Jerry James already answered your question, but I thought I'd expand
on it a little.

The first TCC you're getting is because choose expects a nonempty set.
It looks to me like you're trying to satisfy this with the TYPE+, but
this just says the type is nonempty, which it is, of course, as it
contains the empty set.  I think what you really want there is

  indices: TYPE = non_empty_finite_set[index]

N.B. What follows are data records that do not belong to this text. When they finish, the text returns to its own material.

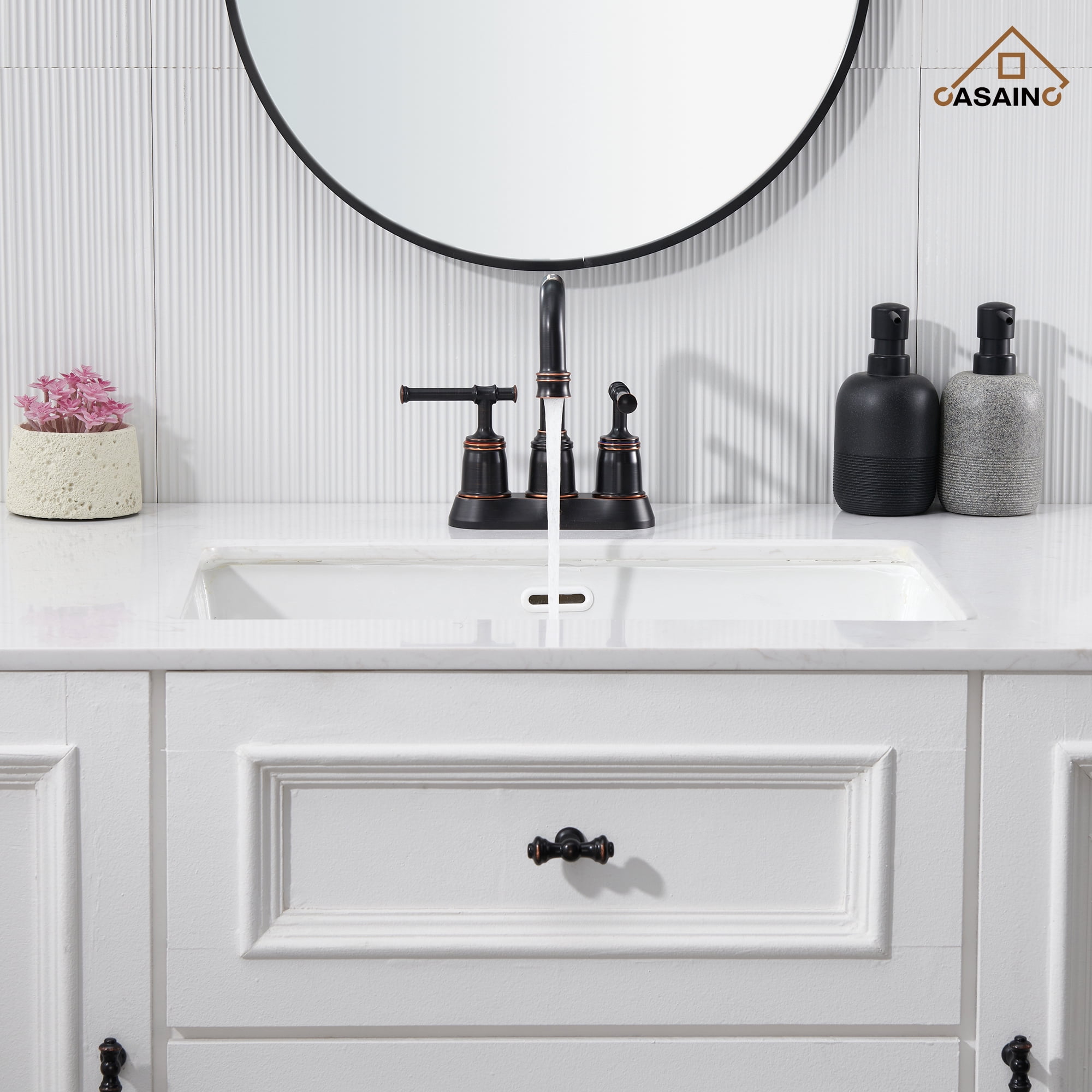 CASAINC 4 in. Centerset Double Handle Bathroom Sink Faucet Lavatory Faucet with Stainless steel Drain in Oil Rubbed Bronze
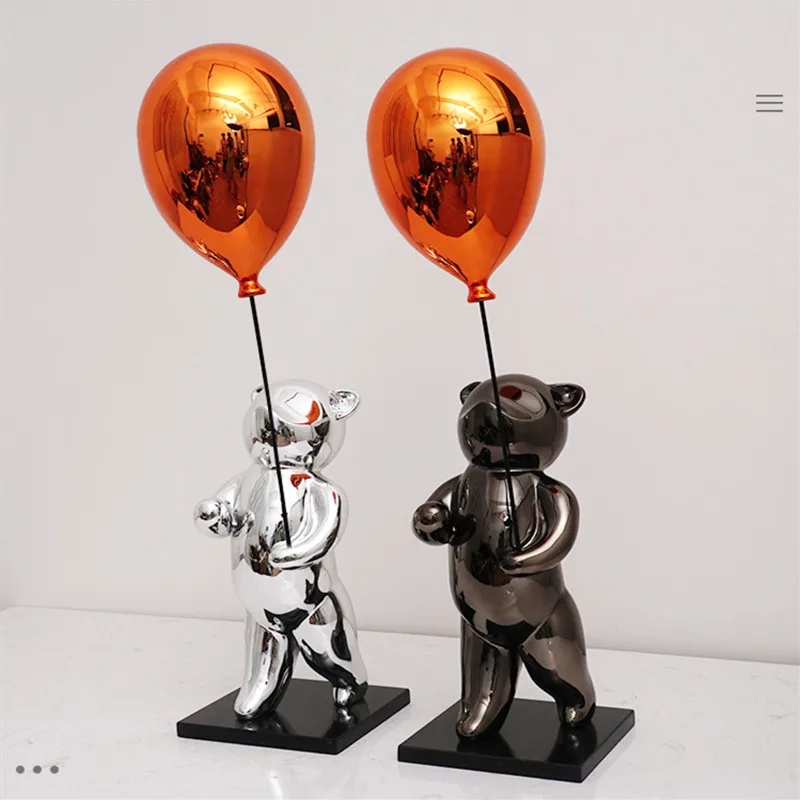 

Modern home decor luxury creative balloon Bear gift cartoon resin art sculpture for home decor furnishings, Colorful
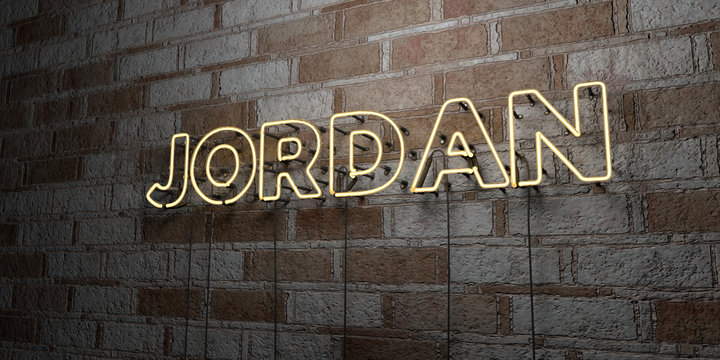 JORDAN - Glowing Neon Sign on stonework wall - 3D rendered royalty free stock illustration.  Can be used for online banner ads and direct mailers..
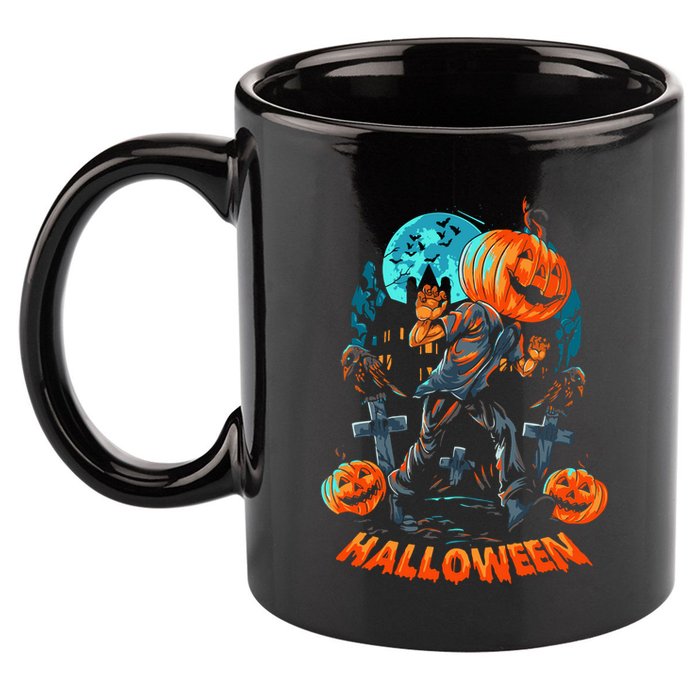 Halloween A Pumpkin Head 11oz C Handle Ceramic Mug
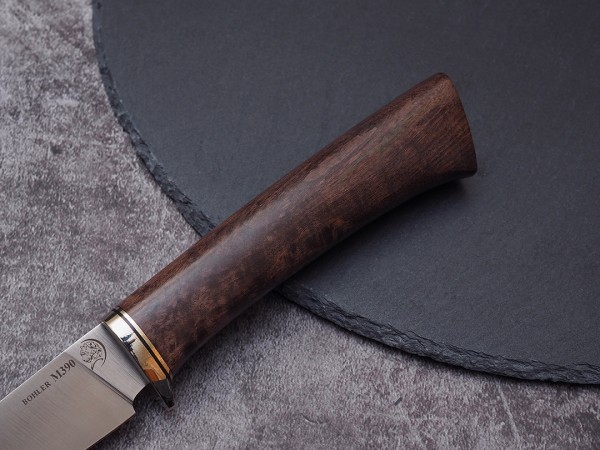 Нож Филейный № 1, клинок из стали Bohler М390, рукоять стабилизированная карельская береза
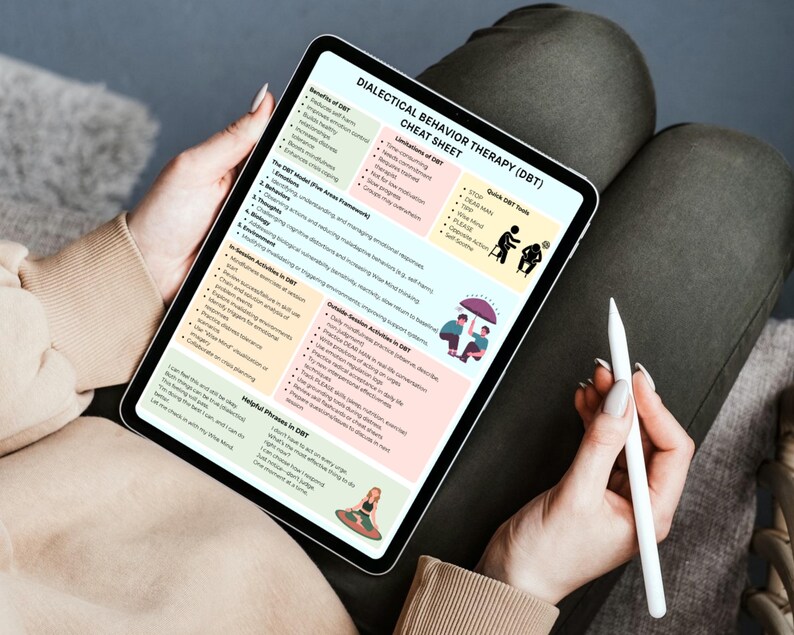 May include: A tablet displaying a "Dialectical Behavior Therapy (DBT) Cheat Sheet." The screen shows text and graphics outlining DBT concepts, including benefits, limitations, and helpful phrases. A white stylus rests beside the tablet. The tablet is held on a person's lap.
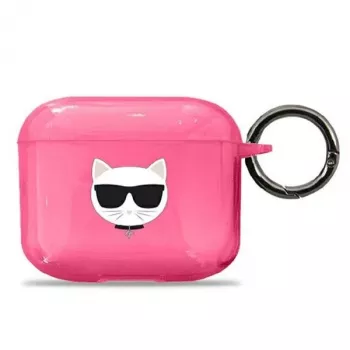 Karl Lagerfeld KLA3UCHFP AirPods 3 hoesje roze Choupette
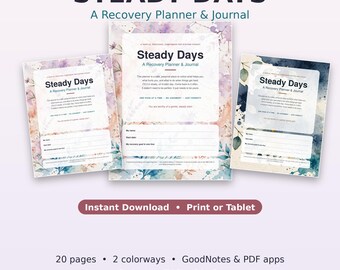 Recovery Planner Printable and GoodNotes PDF, Sobriety Journal, Triggers & Coping Plan, Steady Days Digital Download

Which leads to a provable TCC  

There is a min defined in the prelude theory min_nat that works over
sets, and hence finite sets.  It is defined as

  min(S): {a | S(a) AND (FORALL x: S(x) IMPLIES a <= x)}

Note that this function is not defined - the type information is all
that is needed.  You use the 'typepred' command to make use of the
property in proofs.

If you want max over finite_sets, that is defined in the finite_sets
library finite_sets_minmax, which you can access using

  IMPORTING finite_sets@finite_sets_minmax

Regards,
Sam


Jerome <jerome@xxxxxxxxxxxxxx> wrote:

> All,
> I have the following recursive definition:
> 
> example: THEORY BEGIN
>   index:   TYPE  = posnat
>   value:   TYPE  = real
>   indices: TYPE+ = finite_set[index]
>   myset:   TYPE  = [index -> value]
>   fun:     TYPE  = FUNCTION[value, value -> value]
> 
>   curry(f: fun, m: myset, I: indices): RECURSIVE value =
>     LET i: index = choose(I) IN
>       IF singleton?(I) THEN m(i)
>       ELSE f(m(i), curry(f, m, remove(i, I)))
>       ENDIF
>   MEASURE card(I)
> END example
> 
> When I go to typecheck it, one of the TCC's it gives me is the
> following:
> 
> curry_TCC2: OBLIGATION
>   FORALL (I: indices, i: index):
>     NOT singleton?(I) AND i = choose(I) IMPLIES
>      card[index](remove[index](i, I)) < card[index](I);
> 
> Why isn't this proved with the "card_remove" theorem from the prelude?
> I've tried to prove the obligation by hand, and bring in card_remove
> manually, but PVS doesn't seem to know about it:
> 
> Rule? (lemma "card_remove")
> Found 0 resolutions for card_remove relative to the substitution.
> 
> Any insight would be appreciated.
> 
> jerome
> 
> [Also, if anyone knows of a better way to apply a binary function over
>  a set of values please speak up. For example, given the set {a, b, c,
>  d}, I'd like to return min(a, min(b, min(c, d))).]